Wobei die Existenz dieser Metalle offenbar bekannt war, laut Erik Jonsson erschien 1931 die ersten Publikationen darüber. Wirklich „selten“ sind diese Erden übrigens nicht, Lanthan etwa soll in der Erdkruste 400-mal häufiger vorkommen als Silber, 10.000-mal häufiger als Gold. Allerdings treten sie nie in Reinform, sondern immer als Beimischung auf und müssen gelöst werden. Mit dem Abbau in Per Geijer kann erst in zehn bis 15 Jahren begonnen werden, so LKAB.

Bis dahin wird sich Kiruna bereits verändert haben. Die Stadt muss „wandern“, um vier Kilometer, da sie einsturzgefährdet ist, der Bergbau schreitet voran. Die Verlegung soll schrittweise geschehen und 100 Jahren dauern, bedeutende Gebäude wie die Kirche ziehen mit. Größere Proteste gegen die Pläne würde es nicht geben, so Erik Jonsson. Denn letztlich ist den meisten Bewohnern wohl bewusst: Die Mine gibt’s, die Mine nimmt’s. Ohne sie gäbe es die Stadt gar nicht.

Die Rohstoffe abbauen? Oder die Natur in Ruhe lassen?

Jede Medaille hat zwei Seiten. Wenn der Mensch die Schätze der Natur nutzt, ist damit fast immer Zerstörung verbunden, im Lausitzer Braunkohlerevier genauso wie in den nordschwedischen Erzminen. Auch die traditionelle Lebensweise der indigenen Sami wird durch den Bergbau beeinträchtigt, etwa durch gestörte Wanderrouten der Rentiere. „Solche Schäden werden in allen Genehmigungsprozessen habituell ignoriert“, erklärt Rasmus Kløcker Larsen, Senior Research Fellow am Stockholm Environment Institut (SEI).

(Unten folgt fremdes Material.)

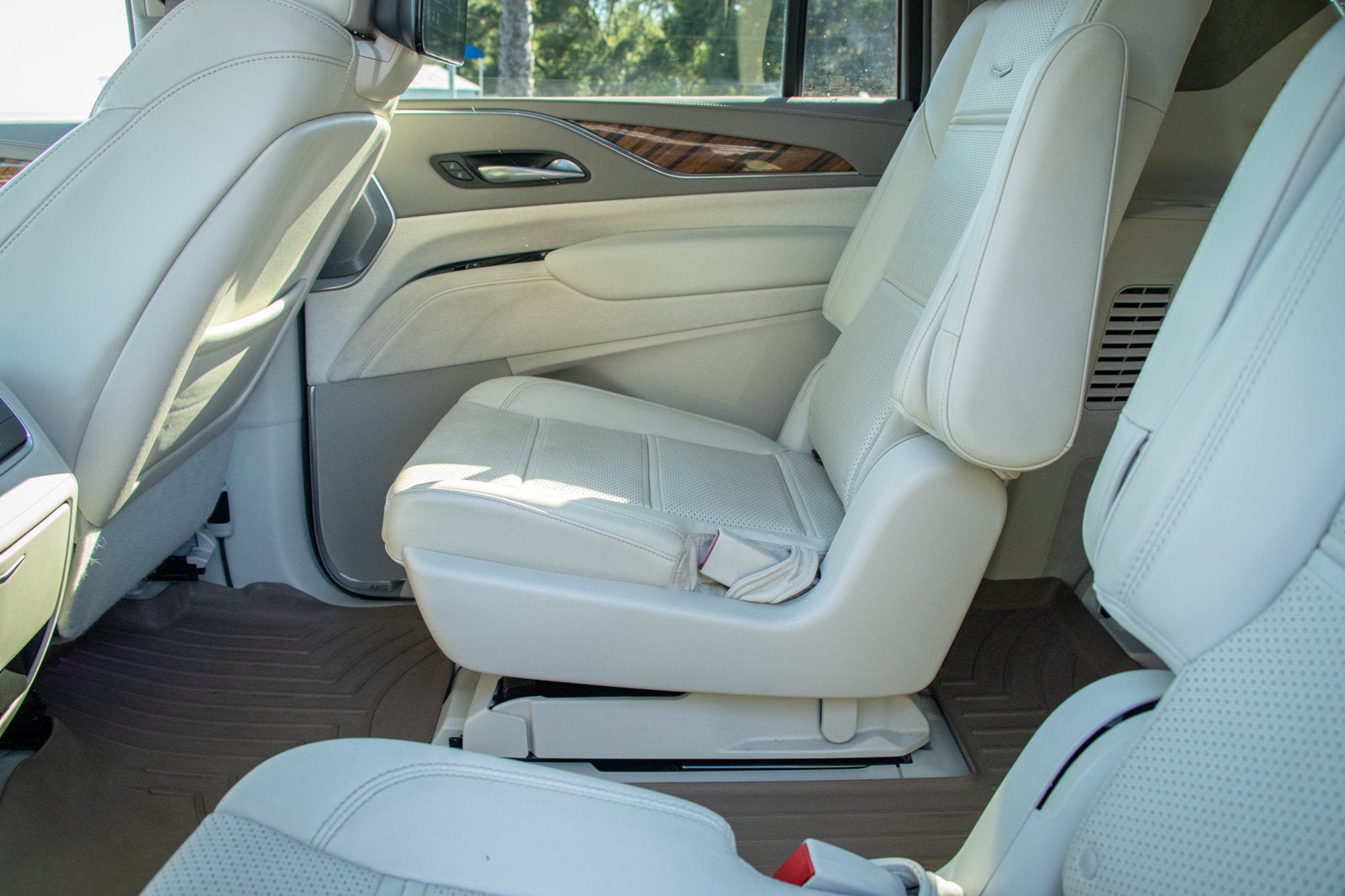 2023 Cadillac Escalade ESV 4WD Premium Luxury Platinum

Andererseits argumentiert ein Bericht für den Nordischen Ministerrat, der von Erik Jonsson mitverfasst worden ist, dass der Wandel zu nachhaltiger Lebensweise („Green Energy Transition“) nicht ohne die Metalle und Seltenen Erden, wie man sie in großer Zahl in Skandinavien findet, möglich sei. In Solarpanelen oder Autobatterien seien sie unerlässlich.

Dass die skandinavischen Bodenschätze in Demokratien liegen und nicht in Ländern, die autokratisch oder diktatorisch regiert werden, ist für Europa ein Segen, führt aber auch zu langen Abstimmungsprozessen. China ist nicht zuletzt deshalb führender Exporteur von Metallen und Seltenen Erden, weil es sich um Umweltbelange nicht schert.